┌──
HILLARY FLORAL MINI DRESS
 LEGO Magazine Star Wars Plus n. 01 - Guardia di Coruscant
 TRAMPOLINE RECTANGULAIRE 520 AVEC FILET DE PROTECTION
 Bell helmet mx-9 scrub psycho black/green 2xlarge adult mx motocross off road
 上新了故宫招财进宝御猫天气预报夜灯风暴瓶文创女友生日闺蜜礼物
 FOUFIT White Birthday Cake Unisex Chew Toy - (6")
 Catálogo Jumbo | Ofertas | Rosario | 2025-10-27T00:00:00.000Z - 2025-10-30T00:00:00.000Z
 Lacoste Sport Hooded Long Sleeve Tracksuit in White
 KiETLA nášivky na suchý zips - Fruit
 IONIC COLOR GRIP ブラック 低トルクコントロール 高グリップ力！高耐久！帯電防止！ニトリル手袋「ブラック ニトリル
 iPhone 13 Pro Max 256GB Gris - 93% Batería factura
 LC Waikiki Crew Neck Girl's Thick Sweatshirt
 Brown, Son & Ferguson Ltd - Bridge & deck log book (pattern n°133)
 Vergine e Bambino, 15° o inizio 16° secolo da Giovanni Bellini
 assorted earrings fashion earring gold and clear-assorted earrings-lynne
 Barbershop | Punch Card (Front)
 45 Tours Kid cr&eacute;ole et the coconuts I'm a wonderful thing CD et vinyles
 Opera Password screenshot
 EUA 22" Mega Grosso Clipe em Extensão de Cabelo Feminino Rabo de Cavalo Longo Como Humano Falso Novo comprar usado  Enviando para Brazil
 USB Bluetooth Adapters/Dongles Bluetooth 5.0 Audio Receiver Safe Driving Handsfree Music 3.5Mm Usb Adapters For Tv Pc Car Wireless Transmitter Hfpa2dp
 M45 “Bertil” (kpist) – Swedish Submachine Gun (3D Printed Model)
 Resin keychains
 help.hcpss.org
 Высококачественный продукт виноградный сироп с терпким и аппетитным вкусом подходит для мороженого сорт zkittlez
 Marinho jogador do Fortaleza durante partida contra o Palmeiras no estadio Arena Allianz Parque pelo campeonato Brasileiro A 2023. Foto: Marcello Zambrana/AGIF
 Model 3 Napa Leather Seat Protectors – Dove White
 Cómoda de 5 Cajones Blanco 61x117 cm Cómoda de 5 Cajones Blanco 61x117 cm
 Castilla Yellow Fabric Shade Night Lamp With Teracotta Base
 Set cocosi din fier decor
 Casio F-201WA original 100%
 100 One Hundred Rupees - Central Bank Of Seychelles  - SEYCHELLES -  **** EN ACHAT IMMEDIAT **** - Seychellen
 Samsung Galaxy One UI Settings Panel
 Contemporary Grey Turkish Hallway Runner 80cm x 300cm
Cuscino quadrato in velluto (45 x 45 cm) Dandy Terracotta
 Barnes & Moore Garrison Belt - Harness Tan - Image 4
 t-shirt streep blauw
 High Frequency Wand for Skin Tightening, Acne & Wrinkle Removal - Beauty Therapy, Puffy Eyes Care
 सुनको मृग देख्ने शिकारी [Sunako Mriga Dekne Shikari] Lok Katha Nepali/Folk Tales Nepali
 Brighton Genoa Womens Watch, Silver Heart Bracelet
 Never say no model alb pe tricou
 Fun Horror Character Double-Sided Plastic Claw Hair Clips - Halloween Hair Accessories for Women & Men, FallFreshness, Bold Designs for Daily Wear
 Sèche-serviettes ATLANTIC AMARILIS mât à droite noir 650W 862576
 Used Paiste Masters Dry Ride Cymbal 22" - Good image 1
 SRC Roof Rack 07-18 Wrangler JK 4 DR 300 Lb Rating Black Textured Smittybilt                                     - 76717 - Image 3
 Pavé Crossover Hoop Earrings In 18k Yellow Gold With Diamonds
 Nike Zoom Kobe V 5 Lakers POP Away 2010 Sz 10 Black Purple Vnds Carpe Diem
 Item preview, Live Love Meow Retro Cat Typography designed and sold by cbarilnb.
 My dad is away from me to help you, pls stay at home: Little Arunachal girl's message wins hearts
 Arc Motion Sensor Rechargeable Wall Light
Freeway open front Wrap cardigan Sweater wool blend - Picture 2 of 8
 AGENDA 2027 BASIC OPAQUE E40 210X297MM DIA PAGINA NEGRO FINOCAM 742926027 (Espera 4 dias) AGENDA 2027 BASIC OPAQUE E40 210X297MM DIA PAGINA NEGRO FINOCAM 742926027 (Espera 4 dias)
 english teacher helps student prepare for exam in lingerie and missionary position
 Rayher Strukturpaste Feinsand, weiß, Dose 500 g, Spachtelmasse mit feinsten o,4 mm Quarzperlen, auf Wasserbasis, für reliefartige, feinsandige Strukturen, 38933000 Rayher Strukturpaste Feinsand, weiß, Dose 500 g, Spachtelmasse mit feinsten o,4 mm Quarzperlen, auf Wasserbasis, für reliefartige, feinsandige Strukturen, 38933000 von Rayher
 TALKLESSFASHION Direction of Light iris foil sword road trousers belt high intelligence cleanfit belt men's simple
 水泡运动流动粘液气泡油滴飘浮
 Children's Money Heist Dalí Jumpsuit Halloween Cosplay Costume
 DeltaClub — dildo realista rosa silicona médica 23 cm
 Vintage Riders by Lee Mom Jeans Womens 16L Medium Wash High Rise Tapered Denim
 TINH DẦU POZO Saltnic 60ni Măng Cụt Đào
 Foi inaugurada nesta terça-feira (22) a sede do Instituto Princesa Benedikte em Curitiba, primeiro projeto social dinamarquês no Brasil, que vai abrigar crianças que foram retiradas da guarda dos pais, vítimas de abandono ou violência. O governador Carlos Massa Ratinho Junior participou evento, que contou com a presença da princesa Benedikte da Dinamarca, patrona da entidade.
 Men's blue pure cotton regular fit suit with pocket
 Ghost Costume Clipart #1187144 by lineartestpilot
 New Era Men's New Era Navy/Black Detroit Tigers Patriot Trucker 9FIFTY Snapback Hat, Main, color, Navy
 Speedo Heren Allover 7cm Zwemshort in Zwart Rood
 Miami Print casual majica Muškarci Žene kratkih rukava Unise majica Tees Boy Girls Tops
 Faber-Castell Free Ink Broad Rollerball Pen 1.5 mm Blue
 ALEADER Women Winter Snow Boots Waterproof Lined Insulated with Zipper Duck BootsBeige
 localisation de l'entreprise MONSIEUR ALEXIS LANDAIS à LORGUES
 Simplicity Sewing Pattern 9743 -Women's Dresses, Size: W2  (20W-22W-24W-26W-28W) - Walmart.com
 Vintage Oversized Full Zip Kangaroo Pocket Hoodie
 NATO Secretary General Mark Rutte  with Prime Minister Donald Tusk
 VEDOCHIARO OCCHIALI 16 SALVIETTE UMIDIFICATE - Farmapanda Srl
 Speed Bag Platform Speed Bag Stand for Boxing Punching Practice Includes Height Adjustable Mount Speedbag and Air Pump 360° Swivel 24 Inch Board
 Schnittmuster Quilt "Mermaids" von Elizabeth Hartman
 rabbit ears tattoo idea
└──
» AIM OF THE EXERCISE: Go through the material and copy each line that contains "Light".

» SOLUTION FOR THIS EXERCISE:
 Arc Motion Sensor Rechargeable Wall Light
 TALKLESSFASHION Direction of Light iris foil sword road trousers belt high intelligence cleanfit belt men's simple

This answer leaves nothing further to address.